## SUPPLIED INFORMATION

● ● ● ● ● ● ●

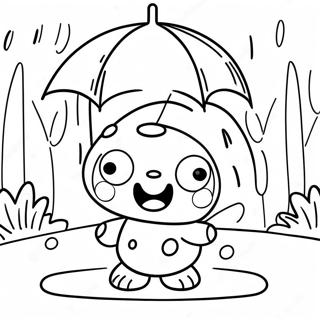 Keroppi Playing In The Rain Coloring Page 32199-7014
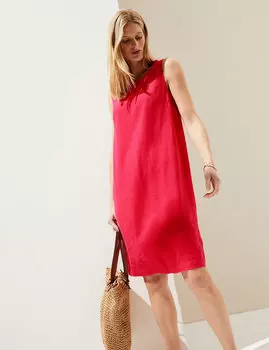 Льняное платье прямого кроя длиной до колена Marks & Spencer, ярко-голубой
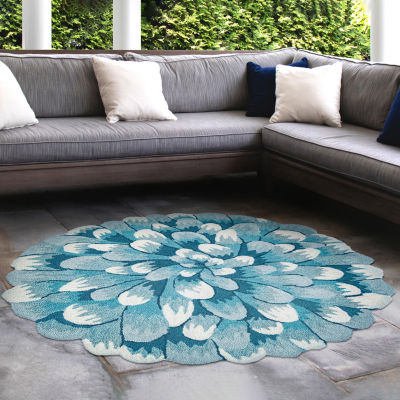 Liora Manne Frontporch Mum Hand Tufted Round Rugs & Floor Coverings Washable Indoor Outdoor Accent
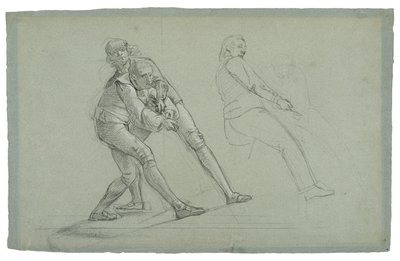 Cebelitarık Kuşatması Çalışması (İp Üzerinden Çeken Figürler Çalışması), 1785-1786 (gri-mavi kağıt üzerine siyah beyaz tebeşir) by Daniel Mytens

● ● ● ● ● ● ●

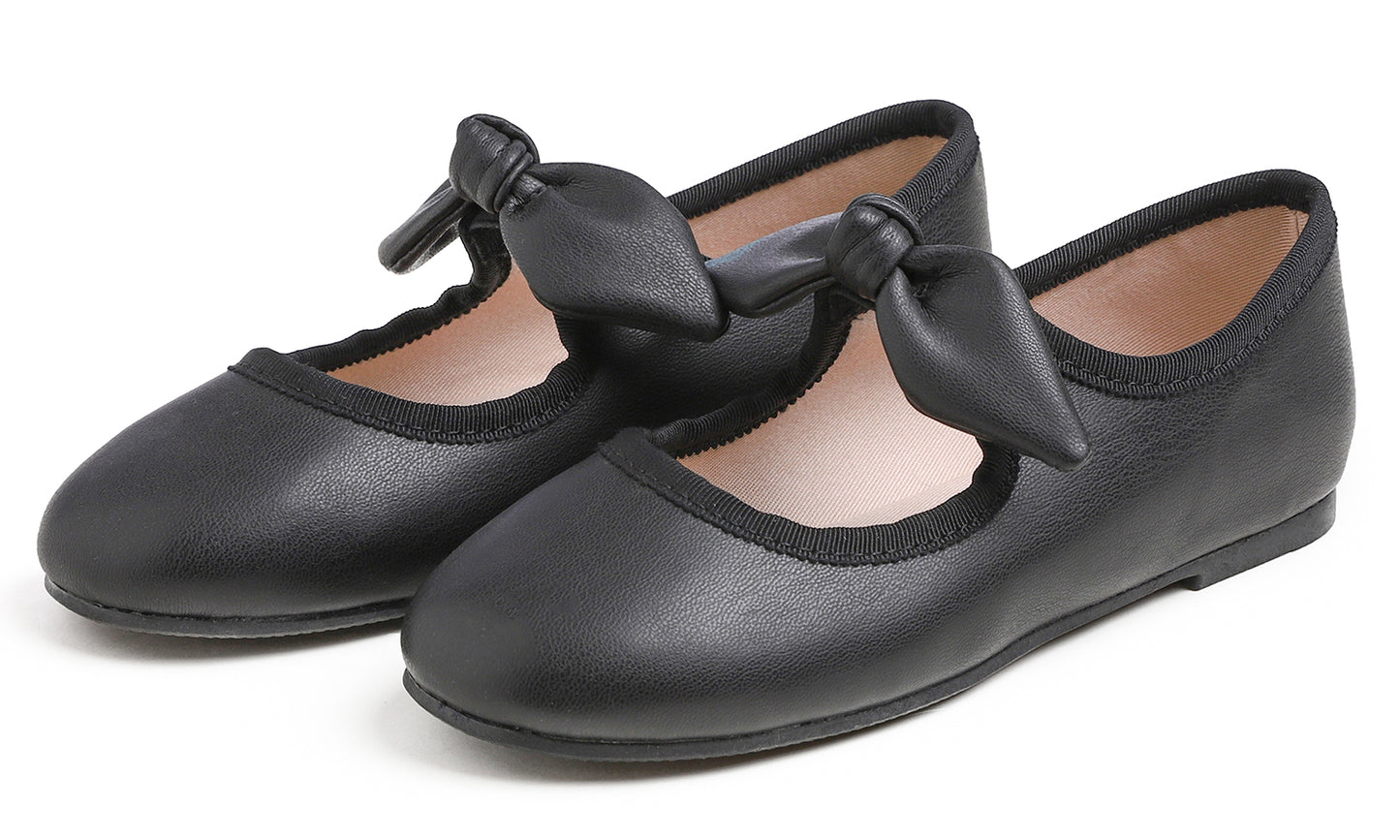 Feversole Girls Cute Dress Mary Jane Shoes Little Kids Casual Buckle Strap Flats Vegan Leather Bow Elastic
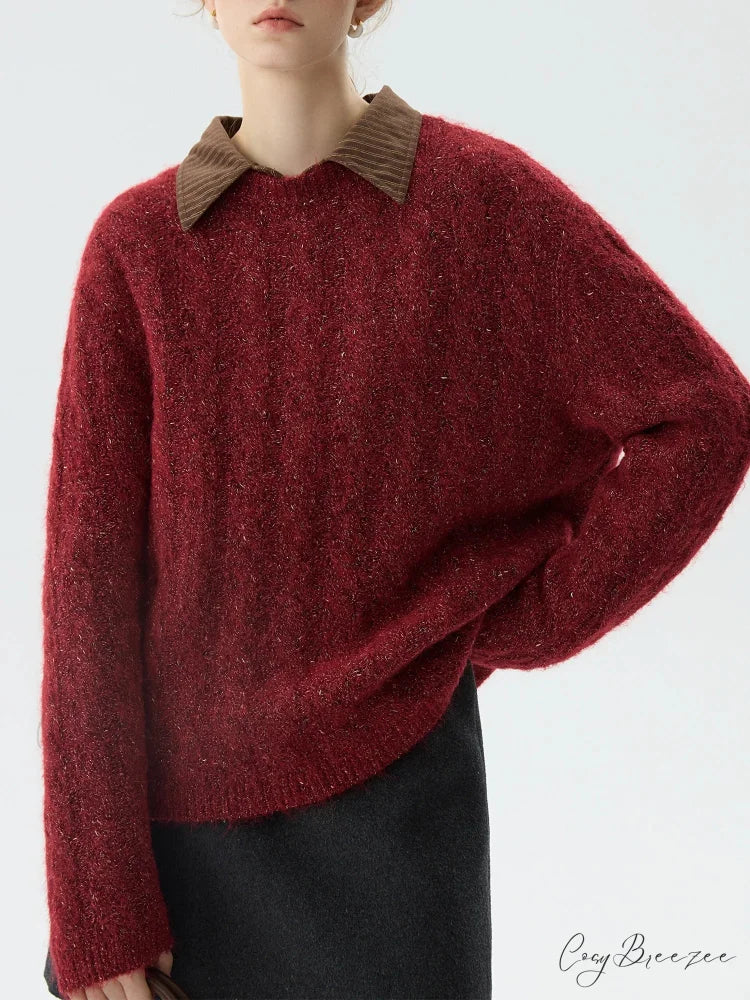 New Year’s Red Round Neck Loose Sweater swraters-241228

● ● ● ● ● ● ●

## WHAT YOU SHOULD DO
Up in the listing, locate the line with "Feversole Girls Cute"; print it and every line after it down to the line with "New Year’s Red", which is included too. Skip the pictures.

## RESPONSE FOR THIS EXERCISE
 Feversole Girls Cute Dress Mary Jane Shoes Little Kids Casual Buckle Strap Flats Vegan Leather Bow Elastic
 New Year’s Red Round Neck Loose Sweater swraters-241228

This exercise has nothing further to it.